Visually Augmented Navigation (VAN)

Real-Time Visual Perception

One of the major challenges of a feature-based Simultaneous Localization & Mapping (SLAM) methodology is identifying features from raw sensor data. In man-made structured environments, typically composed of planes, lines, and corners primitives, features can be more easily detected [1]. However, unstructured natural environments, like the underwater seafloor, pose a more challenging task for feature extraction and matching. In contrast, view-based SLAM methodologies do not explicitly represent features in the environment. Rather, they rely on scan-matching based approaches [2] that are data driven and do not require an explicit representation of features. These techniques match raw data directly to extract pose alignment, and have seen recent success when used as constraints in a pose-graph framework [3] [4] [5] [6].

VAN fuses camera-based motion estimates derived from overlapping seafloor imagery with vehicle navigation data to constrain navigation error. In this framework error does not monotonically accumulates with time as in dead-reckoned navigation systems, instead it is bounded by the network topology of camera constraints.

Our underwater visual navigation approach uses a camera as an accurate and inexpensive perceptual sensor to collect near-seafloor imagery that can be used in a scan-matching capacity. Without any knowledge of extrinsic camera information, robust image registration techniques must rely solely upon encoding features in a viewpoint invariant way. For example, rotational and scale differences between images render simple correlation based similarity metrics useless. To overcome these limitations, advanced techniques generally rely on encoding some form of locally invariant feature descriptor such as differential invariants [7], generalized image moments (Zernike) [8] [9], and affine invariant regions [10] [11] [12]. However, these higher-order descriptions also tend to be computationally expensive.

Fusion of dead-reckon navigation sensor data with "zero-drift" camera measurements.

INS-fused visual perception: Unlike other structure-from-motion (SFM) research within the computer vision and robotics community [13] [14] [15] [16] [17] [18] [19], our research investigates how information from inertial navigation systems can be probabilistically exploited within a visual perception SLAM framework to obtain computationally efficient, robust image registration metrics. For example, in the case of an instrumented platform with absolute measurements of orientation, we can use sensor-derived information to our advantage to relax the demands of the image feature encoding while making it a more discriminatory metric.
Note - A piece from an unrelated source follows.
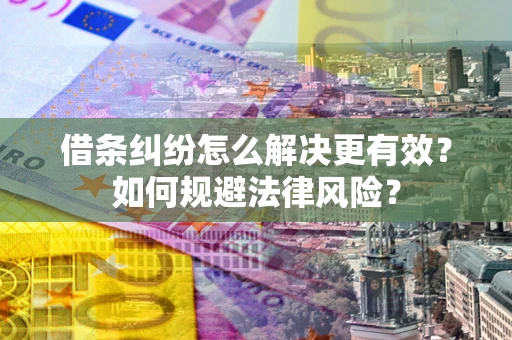 济南借条纠纷怎么解决更有效？如何规避法律风险？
Consider the case of complex Zernike moments [20] [21], rotational invariance requires that we discard the phase and retain only the magnitude; however, if we can pre-compensate for the rotational differences between images, then the phase information can also be used to make the similarity metric more discriminatory [22]. Since attitude sensors provide information on the 3D orientation of cameras in a fixed reference frame, combining this type of a priori pose information with visual vocabulary methods, such as [23] [24] [25], can provide for a fast discriminatory metric for identifying candidate image pairs with similar scene content while maintaining robustness to the peculiarities of underwater imaging (e.g., low-contrast imagery, backscatter).

Pose-Constrained Correspondence Search: When a good prior exists for camera motion, we can exploit it to greatly improve the robustness of putative correspondence selection, which is particularly challenging in SLAM during loop-closing. If we consider extending matching to image sets, then we can perform a joint matching across image sets to exploit that our relative-pose prior is well known intra-set. We look for correspondences that are jointly compatible across the two sets (similar to the joint compatibility data association test of Neria and Tardos [26]). This effectively increases the signal-to-noise ratio for correspondence establishment, since feature similarity measures can be considered in aggregate. The figure below depicts the pairwise pose constrained correspondence search (PCCS).
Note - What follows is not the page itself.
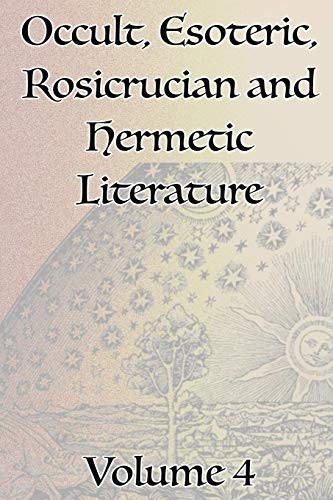 A Collection of Writings Related to Occult, Esoteric, Rosicrucian and Hermetic Literature, Including Freemasonry, the Kabbalah, the Tarot, Alchemy and Theosophy Volume 4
A priori temporal pose information from the navigation sensors can be exploited during image registration to restrict putative correspondence selection.

Multi-Scalar Representation

Over the years, a number of different approaches have been proposed to curb the computational cost of SLAM map updates. Submaps [27] [28] [29], postponement [30] [31], Rao-Blackwellized approaches [32], covariance intersection [33] [34], and more recent pose-graph approaches [35] [36] [37] [38], all attempt to decompose large-scale mapping into more computationally manageable representations. For example, Eustice et al showed [39] [40] that for a pose-graph representation, expressing the SLAM estimation problem in an extended information filter (EIF) (i.e., the dual of an extended Kalman filter (EKF)) results in an information matrix (i.e., inverse of the covariance matrix) that is exactly sparse without any approximation. This allows view-based SLAM systems to take advantage of the sparse information parameterization to realize highly efficient, scalable SLAM algorithms that are capable of generating large-area results, such as those shown below.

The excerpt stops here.